When asked about his own view of the legality of waterboarding, Bush replied: "I'm not going to talk about techniques. There is an enemy out there. I don't want them to understand -- to be able to adjust one way or the other. My view is this: The American people have got to understand the program is important and the techniques used are within the law, and members of the House and Senate know what I'm talking about. They have been fully briefed."
He identified the lawmakers only as "select members of the Senate and House, both parties."
Mukasey's nomination has become a particularly thorny problem for his original Senate patron, Charles E. Schumer (D-N.Y.).

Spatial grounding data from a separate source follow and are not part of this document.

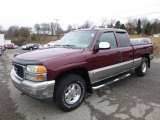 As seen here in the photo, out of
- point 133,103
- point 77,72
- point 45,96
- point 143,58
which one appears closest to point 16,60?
point 45,96

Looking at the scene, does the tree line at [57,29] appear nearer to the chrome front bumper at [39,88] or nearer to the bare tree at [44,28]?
the bare tree at [44,28]

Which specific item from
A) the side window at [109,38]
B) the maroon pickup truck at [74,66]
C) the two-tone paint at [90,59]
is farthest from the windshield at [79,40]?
the side window at [109,38]

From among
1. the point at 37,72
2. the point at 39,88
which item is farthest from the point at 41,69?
the point at 39,88

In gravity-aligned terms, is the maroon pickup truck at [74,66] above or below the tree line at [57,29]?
below

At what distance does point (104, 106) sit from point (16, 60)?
2262 millimetres

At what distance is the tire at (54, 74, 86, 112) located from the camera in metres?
3.63

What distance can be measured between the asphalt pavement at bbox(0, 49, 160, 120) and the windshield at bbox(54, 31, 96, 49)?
142 centimetres

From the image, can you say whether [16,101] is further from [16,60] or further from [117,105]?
[117,105]

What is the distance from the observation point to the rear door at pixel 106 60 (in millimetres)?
4316

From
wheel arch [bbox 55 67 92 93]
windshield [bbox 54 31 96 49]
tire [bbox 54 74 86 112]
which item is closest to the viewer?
tire [bbox 54 74 86 112]

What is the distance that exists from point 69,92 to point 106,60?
134cm

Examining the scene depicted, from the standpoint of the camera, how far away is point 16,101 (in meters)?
4.46

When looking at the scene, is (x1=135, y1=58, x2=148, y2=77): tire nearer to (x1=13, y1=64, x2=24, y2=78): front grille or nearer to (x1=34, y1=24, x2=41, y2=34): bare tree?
(x1=13, y1=64, x2=24, y2=78): front grille

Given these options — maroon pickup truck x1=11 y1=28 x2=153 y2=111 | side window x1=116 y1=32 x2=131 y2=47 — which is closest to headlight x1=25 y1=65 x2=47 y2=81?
maroon pickup truck x1=11 y1=28 x2=153 y2=111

He had suggested Mukasey as a consensus nominee to the White House and declared two weeks ago that he should be confirmed, but he was noncommittal yesterday.
The committee's ranking Republican, Sen. Arlen Specter (Pa.), acknowledged that Mukasey's "confirmation is at risk." But he said the nominee went "about as far as he can go" in repudiating waterboarding without endangering classified programs or U.S. personnel involved in the interrogations.
If Specter and other eight GOP committee members support him, Mukasey will need support from just one Democrat to win approval from the committee, which is divided 10 to 9 along party lines.
Sen. John McCain (R-Ariz.) also weighed in on the confirmation battle today, saying the United States does not use waterboarding these days and arguing that Mukasey would not allow the technique.
The Republican presidential candidate told students at Coastal Carolina University during a campaign trip through South Carolina that he was confident Mukasey "would not condone" waterboarding. "I have been briefed enough to know we are not doing that today anywhere in America's government," he added, according to the Associated Press.
McCain, a former Navy pilot and Vietnam veteran who spent more than five years as a prisoner of war after he was shot down over Hanoi, said the United States should not engage in torture and that there was no need for waterboarding. He has described being repeatedly tortured himself during his confinement in the notorious prison known as the Hanoi Hilton.